**Requirement**
Everything from the line with "與神一同升級 - 第63話 獲得海石線索(2/6) - 2" to the end of the entries should be set down exactly, except the pictures.

**The records**
------------------------------------------------------------------------

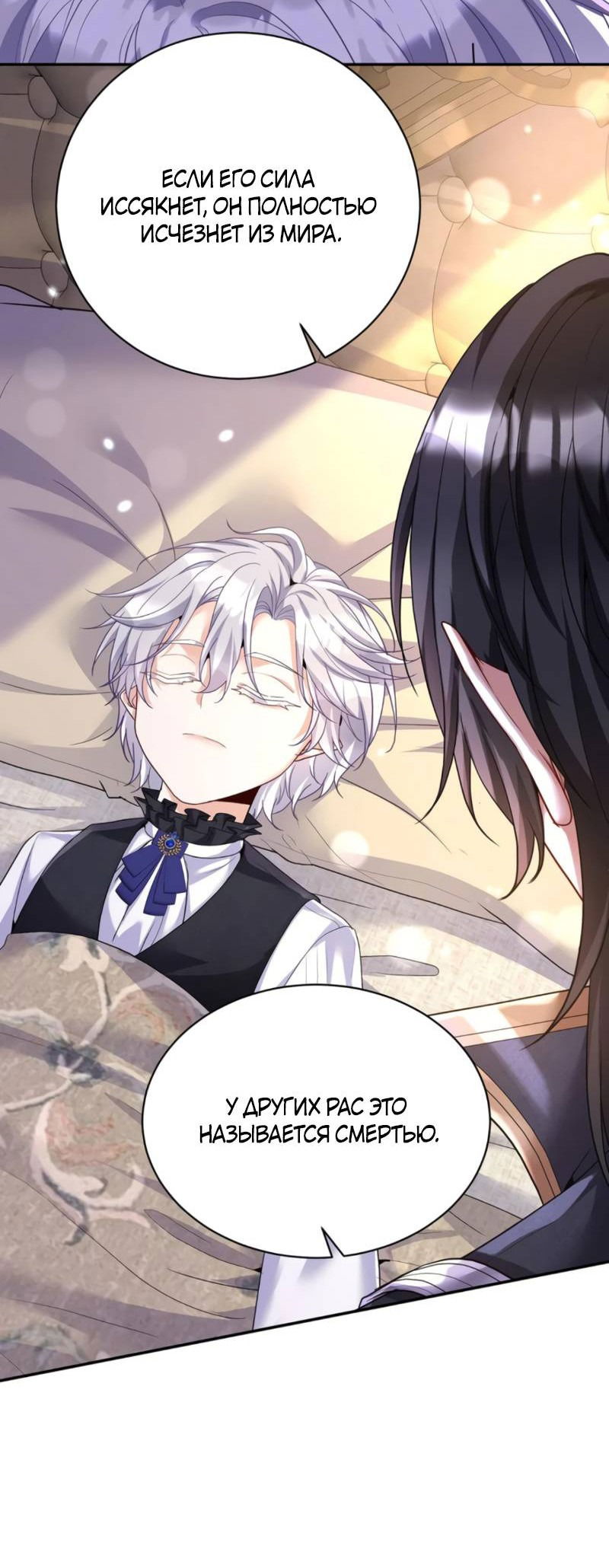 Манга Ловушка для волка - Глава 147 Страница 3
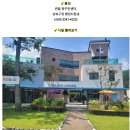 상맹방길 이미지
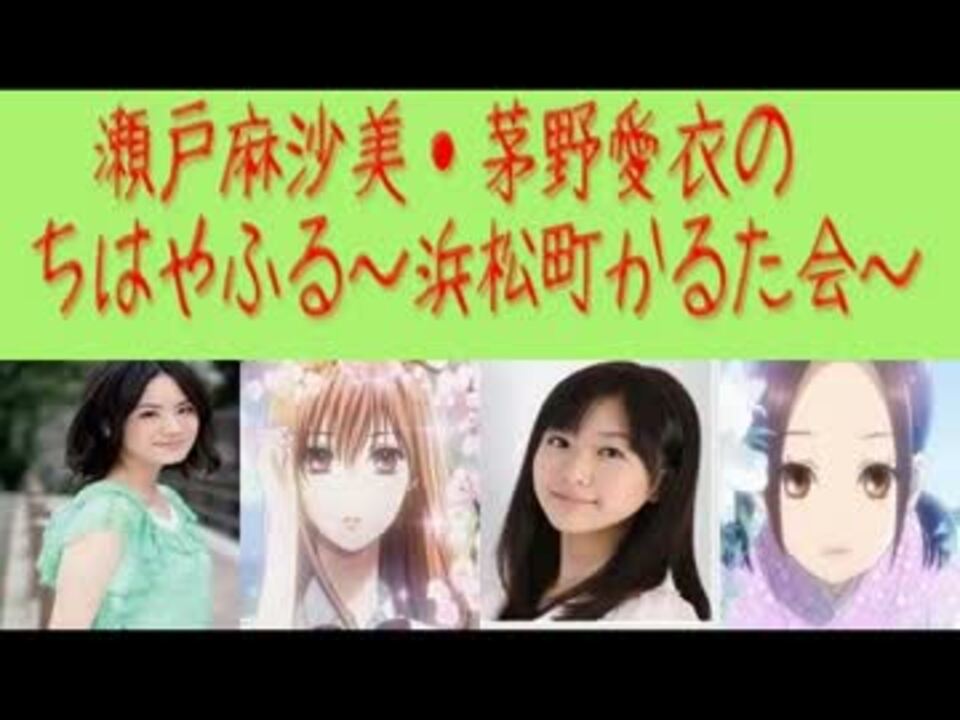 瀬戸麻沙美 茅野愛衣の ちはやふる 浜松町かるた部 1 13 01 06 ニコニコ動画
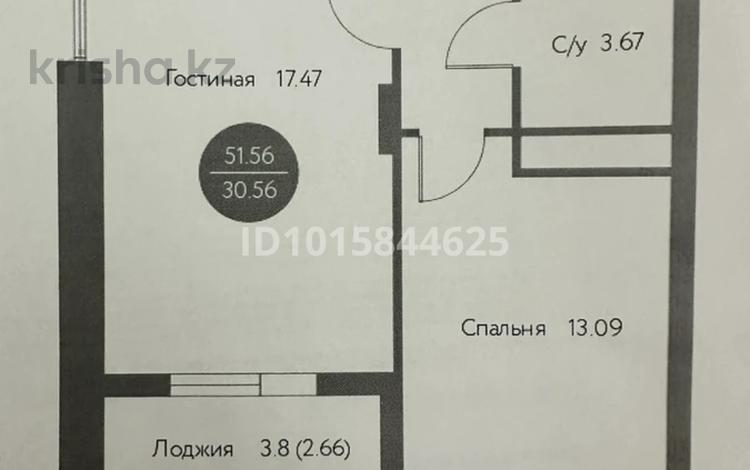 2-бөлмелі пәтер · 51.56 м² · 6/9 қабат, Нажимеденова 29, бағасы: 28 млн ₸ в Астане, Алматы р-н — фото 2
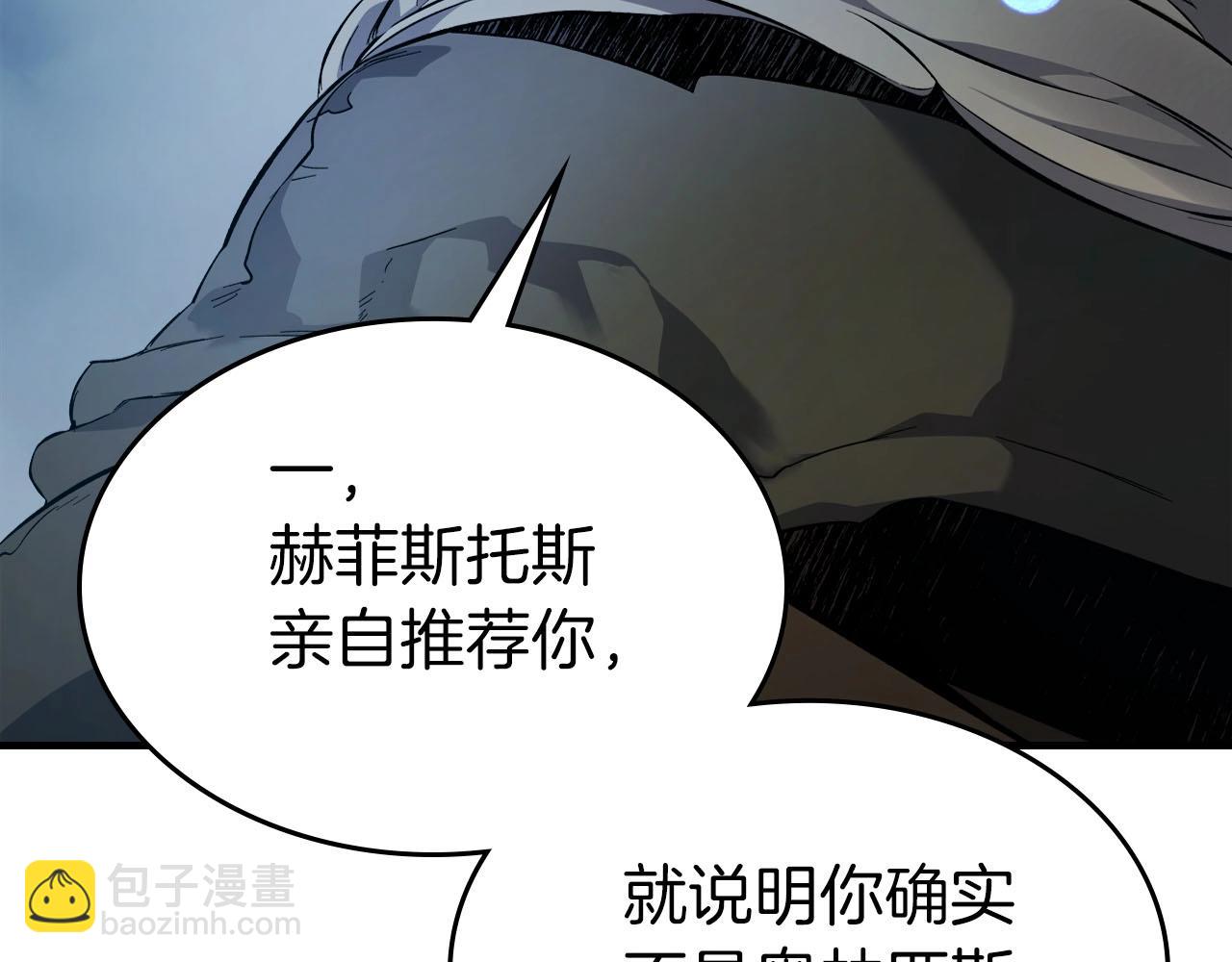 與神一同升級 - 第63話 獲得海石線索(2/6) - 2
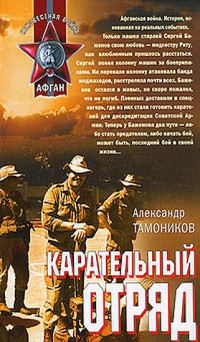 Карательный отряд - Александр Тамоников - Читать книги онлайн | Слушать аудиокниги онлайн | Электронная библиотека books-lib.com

------------------------------------------------------------------------

**Task output**
 與神一同升級 - 第63話 獲得海石線索(2/6) - 2
 Карательный отряд - Александр Тамоников - Читать книги онлайн | Слушать аудиокниги онлайн | Электронная библиотека books-lib.com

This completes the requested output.